**YOUR TASK**
Once you reach the line with "Woman getting SMAS" below, copy each line exactly, stopping after the line with "Biracial couple looking", and skip any pictures.

**THE DATA**
########################################
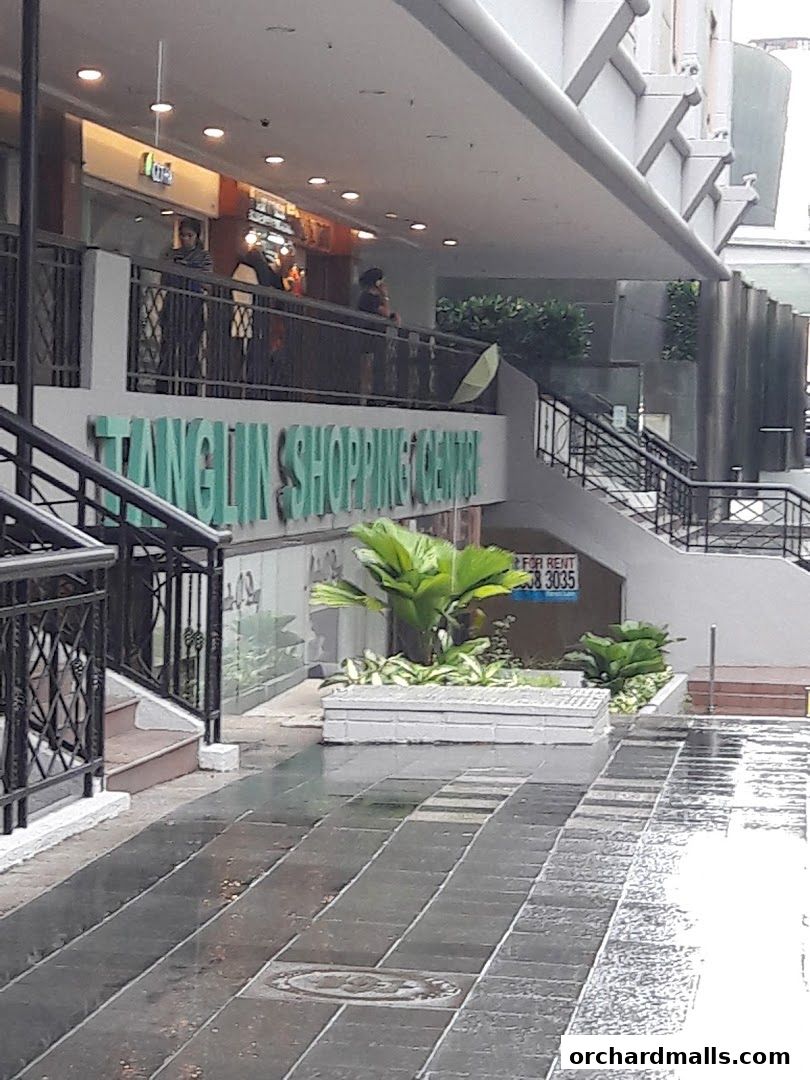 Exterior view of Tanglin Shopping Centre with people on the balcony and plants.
########################################
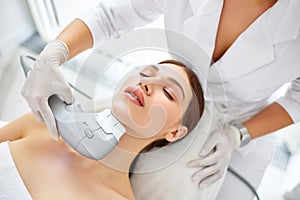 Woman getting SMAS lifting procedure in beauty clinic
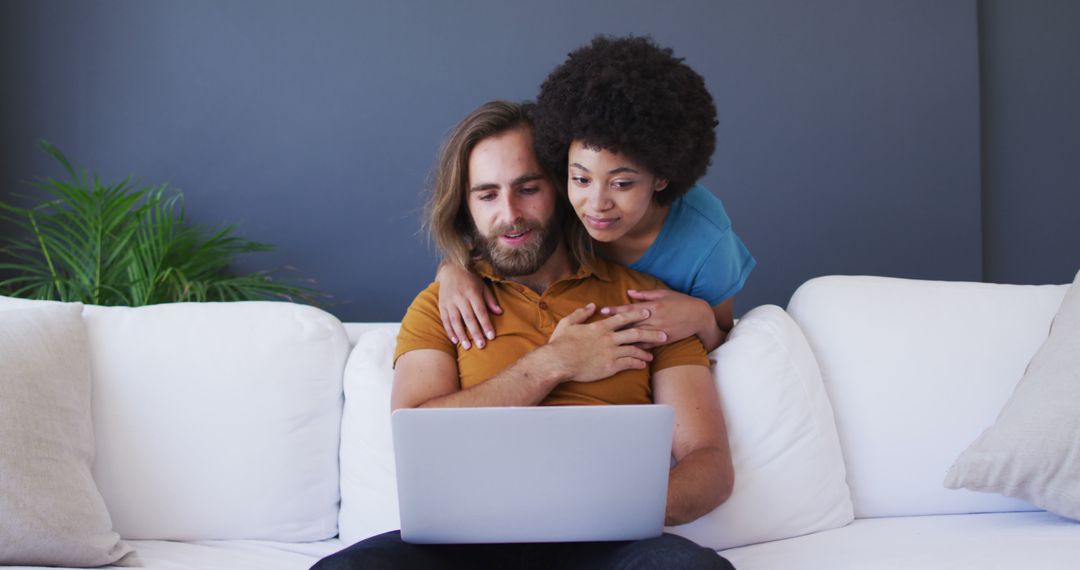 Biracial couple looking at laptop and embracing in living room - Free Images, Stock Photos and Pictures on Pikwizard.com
########################################
**ANSWER SPACE**
 Woman getting SMAS lifting procedure in beauty clinic
 Biracial couple looking at laptop and embracing in living room - Free Images, Stock Photos and Pictures on Pikwizard.com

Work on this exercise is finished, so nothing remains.